The discovery of a new elementary particle – which may well turn out to be the legendary Higgs boson — is both the culmination of years of work by Rice University scientists and the beginning of a new chapter for the university’s Physics and Astronomy Department.

Rice researchers played a major role in the find announced July 4, primarily through their stewardship of elements of one of the two major experiments at the Large Hadron Collider in Switzerland operated by the European Organization for Nuclear Research, CERN.

Paul Padley

Rice particle physicist Paul Padley at the Large Hadron Collider.

As such, Rice’s Herman Brown Hall now houses items of historical importance among the racks upon racks of electronics there. Some are doubles of units built at Rice that funnel data from the Compact Muon Solenoid (CMS) and its massive set of particle-sensing gas chambers to its vast array of supercomputing resources. Others are works in progress, being built for the next generation of data-streaming units that will help sort out the wheat from the chaff among the terabits that flow from CMS every second the collider is working.

CMS is one of two primary experiments collecting data at the LHC, where protons traveling at nearly the speed of light smash into each other and shatter into elemental particles that live for only a fraction of a second but contain clues about the universe at its very earliest stages. Results from CMS and the separate-but-equal ATLAS, now analyzed and compared, are the basis for the just-announced analysis, for which credit will go to thousands of scientists worldwide.

Many no doubt work in rooms like the one at Herman Brown. “Consumer stuff’s caught up with us,” said Rice physicist Paul Padley, giving a tour. “We try to ride that technology as best we can, but we have to customize it for our implementation. That’s where we go beyond anything that’s done commercially.”

Go beyond

“Going beyond” is what it’s all about for Padley, a professor of physics and astronomy; his Rice faculty colleagues Jay Roberts, Frank Geurts, Karl Ecklund and Wei Li; and the dozens of other Rice scientists, postdoctoral researchers, graduate students and undergraduates who’ve worked on LHC over the years.

Jabus Roberts

Rice physicist Jay Roberts at CERN.

They have been part of a massive effort to investigate fundamental building blocks of the universe, a search that began before Rice’s founding a century ago — and Rice scientists were involved from the beginning. The university’s first physicist, Harold Wilson, came to campus in 1912 after working with famed physicist J.J. Thomson on some of the earliest measurements of the electron — the first subatomic particle discovered.
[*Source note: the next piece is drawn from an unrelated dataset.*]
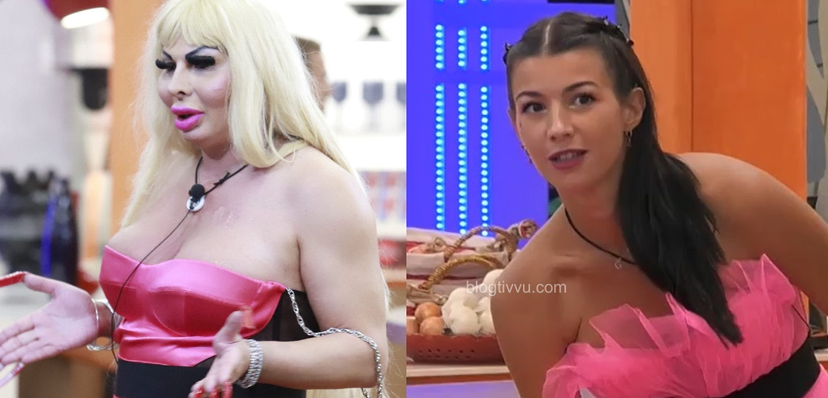 Elenoire Ferruzzi sparla di Ginevra Lamborghini e Nikita: “Quella è un ectoplasma!” – VIDEO preview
Padley came along somewhat later with a different collider in mind. “My family moved to Dallas (from Vancouver) in 1993 to work on the Superconducting Supercollider, but when that was canceled by Congress, I was fortunate to land a job at Rice as a postdoc,” he recalled. While working his way up the hierarchy to full professor, Padley also found his way into the CERN project when he ran into a colleague at Fermilab, the LHC’s predecessor as the world’s largest collider.
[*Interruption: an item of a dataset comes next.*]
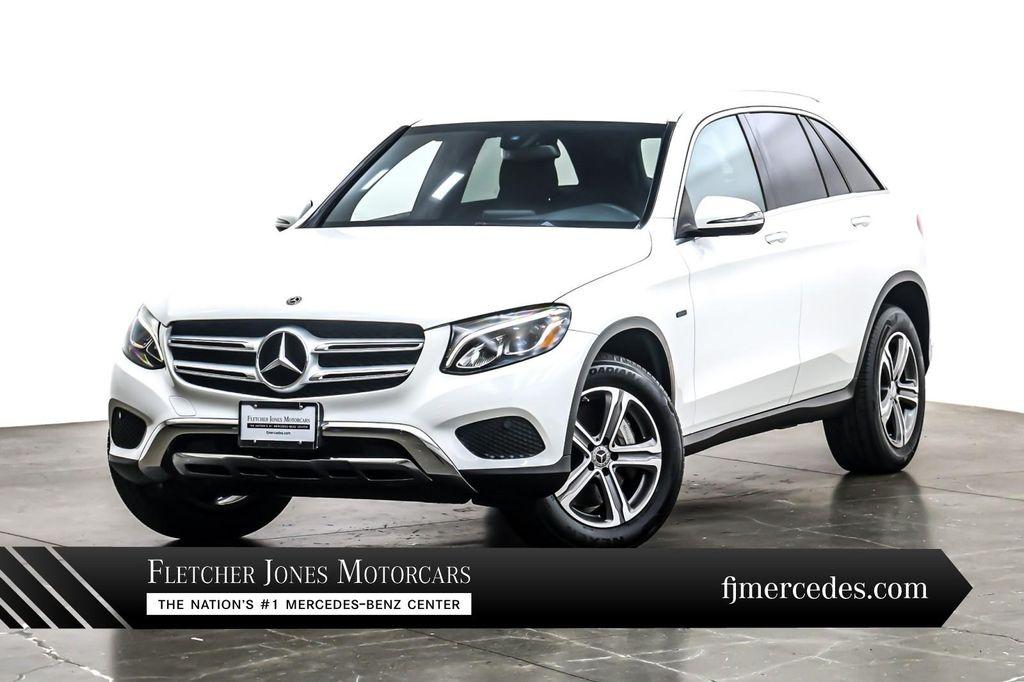 used 2019 Mercedes-Benz GLC 350e car, priced at $20,392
“He was leading the U.S. contribution to the Endcap Muon (EMU) system and started making suggestions about what I could work on,” Padley said. “And I started talking to people. It’s interesting how these things come together; at some point, I replaced him in his job.”
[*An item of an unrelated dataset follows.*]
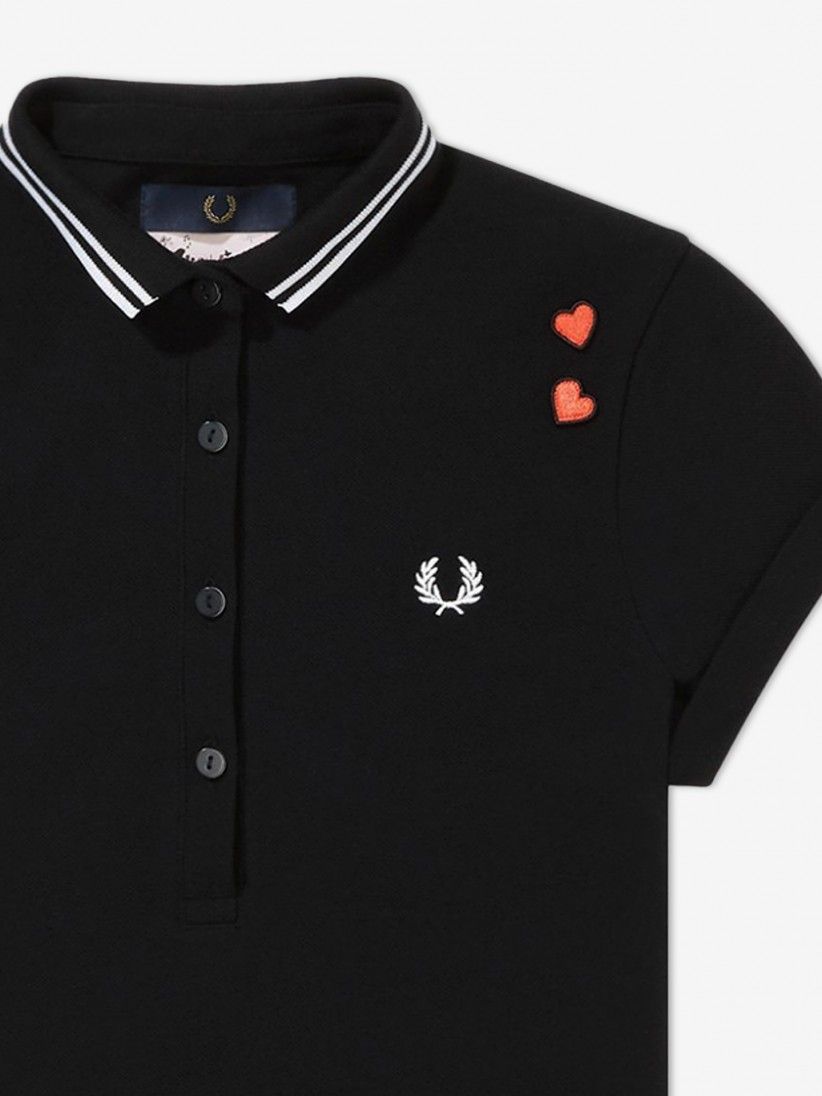 Fred Perry Amy Polo Shirt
Padley, who subsequently ran the $40 million EMU program, and Roberts have shepherded progress on CMS for years. Roberts is a co-author of literally dozens of papers tracing the incremental development of the science behind the experiment.

Padley said Rice found a primary role in creating the electronic gateways that pass information from the hundreds of gas-filled Cathode Strip Chambers (CSC) that make up the bulk of EMU, one of several CMS components that detect particles as they fly away from the point where protons collide. “The electronics problem seemed to be a really good fit for Rice,” he said. “We had a lot of electrical engineering students, and then got our hands on Mike Matveev, a Ph.D. engineer who does cutting-edge electronics.”

Electrical connections

Frank Geurts

Rice physicist Frank Geurts at CERN. At right is former Rice postdoctoral researcher Vesna Cuplov.

Matveev designed, fabricated, tested and commissioned 120 circuit boards that handle accelerator timing and control signals throughout the CSC; these boards then reduce the amount of critical data  – to about one-50th of the total – that gets passed along for further analysis.

“Each board passed through two to three iterations, from the first prototypes in 1998 to the final designs in 2004 or 2005, and the production versions were installed in the experimental cavern in 2006 and 2007,” Matveev said.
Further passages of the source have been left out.